A car starts from rest and travels for 5.9 s with a uniform acceleration of +1.2 m/s2. The driver then applies the brakes, causing a uniform acceleration of -1.7 m/s2. The breaks are applied for 1.70 s.
x0 = 0
v0 = 0
v1 = 1.2 * 5.9 = 7.08 m/s
x1 = (1/2)(1.2)(5.9^2) = 20.9 m
v3 = 7.08 - 1.7(1.7) = 4.19 m/s
x3 = 20.9 + 7.08 (1.7) -.5(1.7)(1.7)^2
= 30.5 m
To solve this problem, we can break it down into two parts: the car's motion before the brakes are applied and the car's motion while the brakes are applied.

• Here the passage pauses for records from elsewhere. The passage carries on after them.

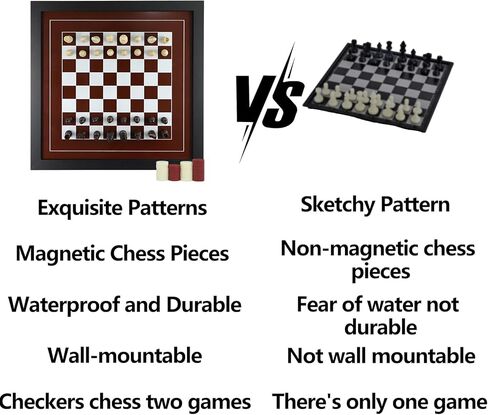 Wall Mounted Board Games Classic Checkers Game Strategy and Fun Games Art Decor for Home Checkers Board Game Magnetic Hanging Checkers and Chess Wooden Board Games (Checkers and Chess) in Saudi Arabia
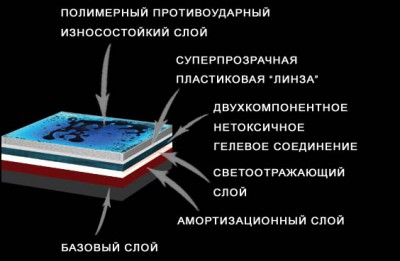 Строение жидкой плитки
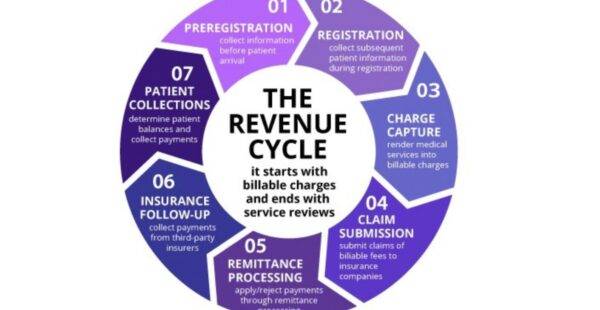 Revenue Cycle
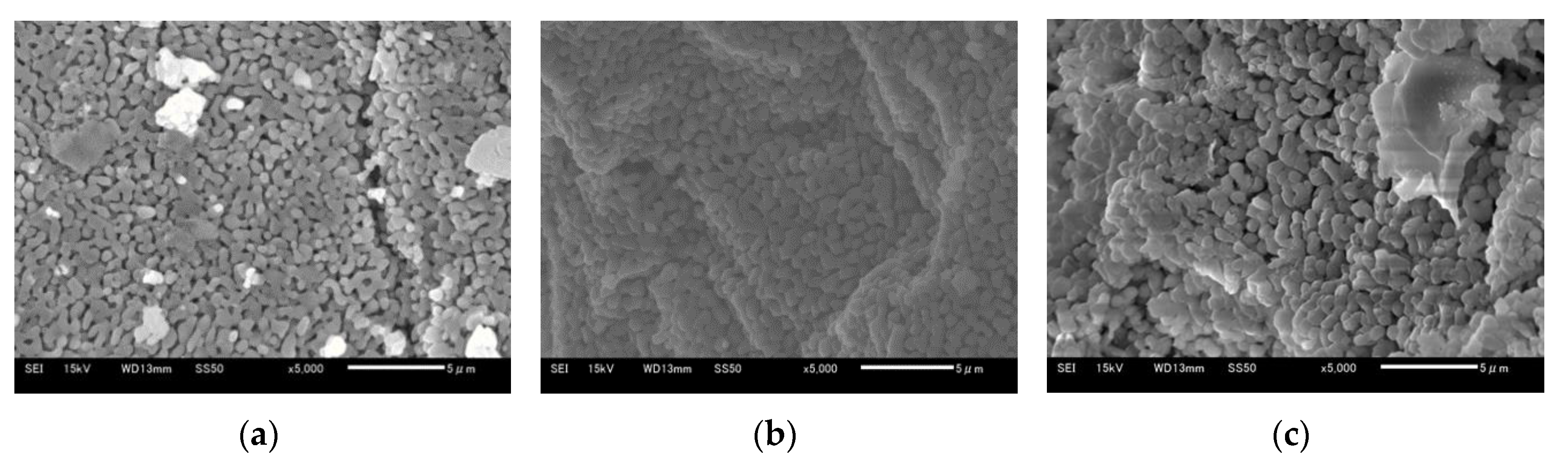 Energies 13 00803 g013 Energies 13 00803 g013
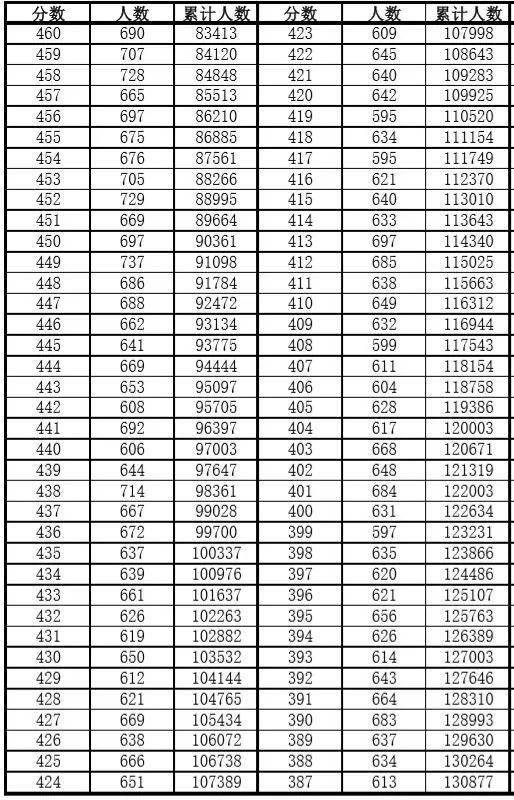 安徽真牛安徽高考一分一段表刚刚发布600分以上近24万人这份表格很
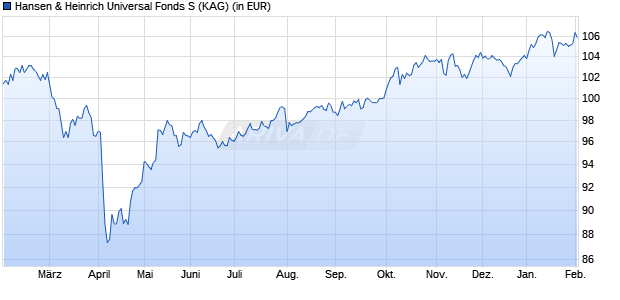Performance des Hansen & Heinrich Universal Fonds S (WKN A2JF62, ISIN DE000A2JF626)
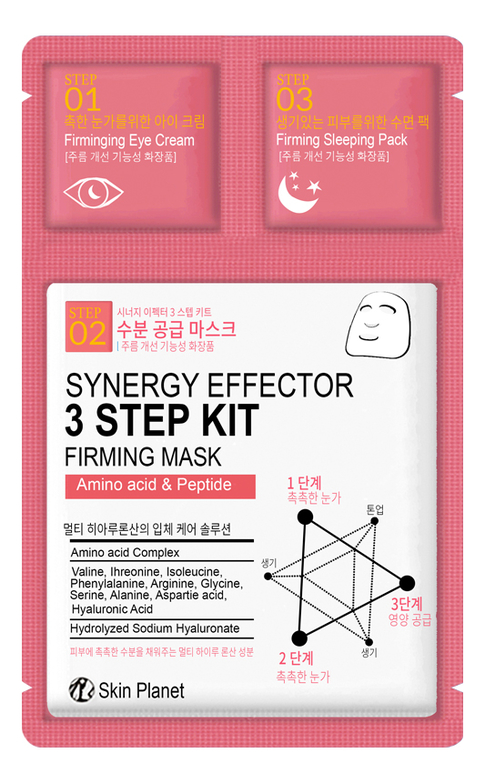 SKIN PLANET SYNERGY EFFECTOR 3STEP KIT-FIRMIING MASK : , ,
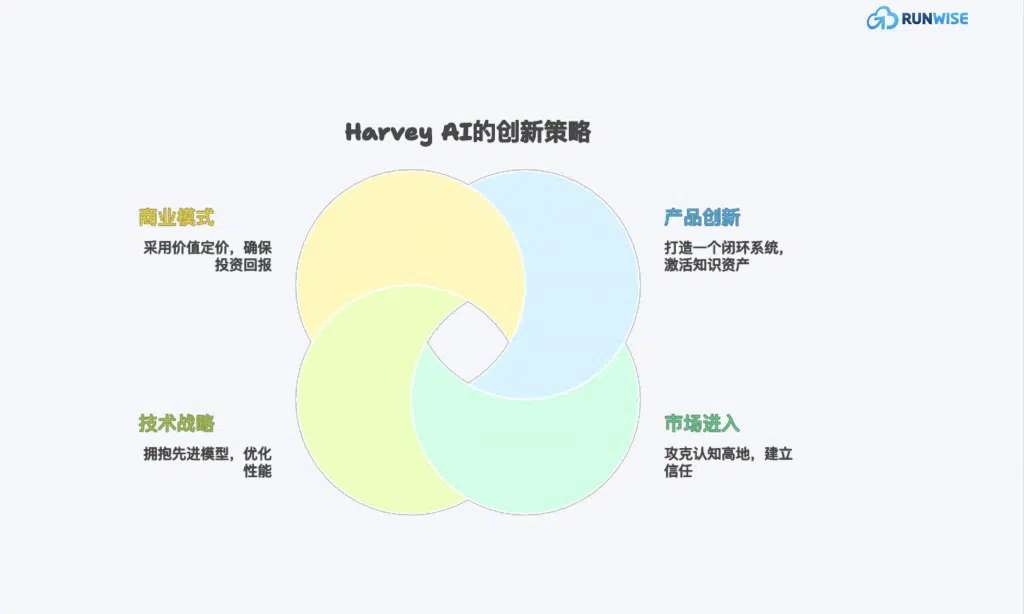 传统行业转型：法律AI Harvey - 创新策略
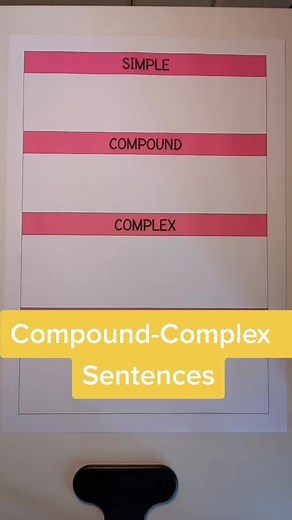 Constructing Compound-Complex Sentences Explained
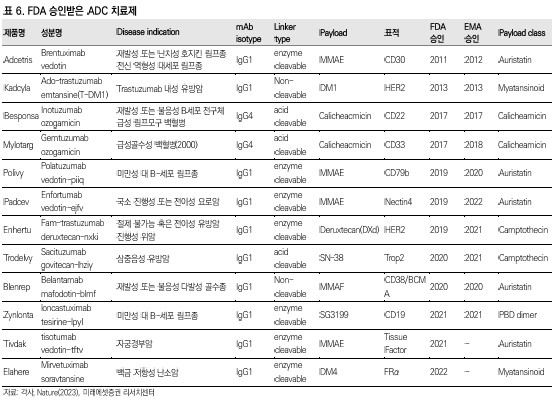 이미지: [FDA 승인받은 ADC 치료제]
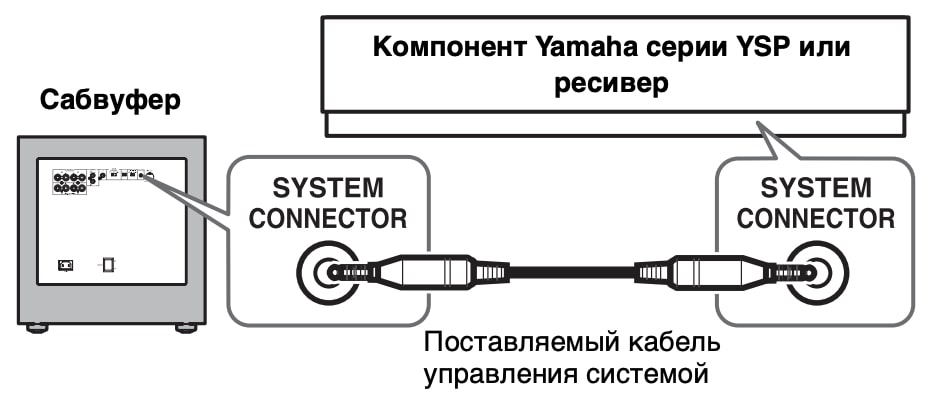 Схема подключения YAMAHA NS-SW1000 Black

Let's start with the car's motion before the brakes are applied.
Given:
Initial velocity (u) = 0 (as the car starts from rest)
Time (t1) = 5.9 s
Acceleration (a1) = +1.2 m/s²
We need to find the final velocity (v1) of the car after 5.9 seconds.
We can use the equation of motion:
v1 = u + a1 * t1
Substituting the values, we get:
v1 = 0 + 1.2 * 5.9
v1 = 7.08 m/s
So, the final velocity of the car before applying the brakes is 7.08 m/s.
Now, let's move on to the car's motion while the brakes are applied.
Given:
Initial velocity (u) = 7.08 m/s (as calculated earlier)
Time (t2) = 1.7 s
Acceleration (a2) = -1.7 m/s²
We need to find the final velocity (v2) of the car after 1.7 seconds of applying the brakes.
Using the same equation of motion:
v2 = u + a2 * t2
Substituting the values, we get:
v2 = 7.08 + (-1.7) * 1.7
v2 = 7.08 - 2.89
v2 = 4.19 m/s
So, the final velocity of the car after applying the brakes for 1.7 seconds is 4.19 m/s.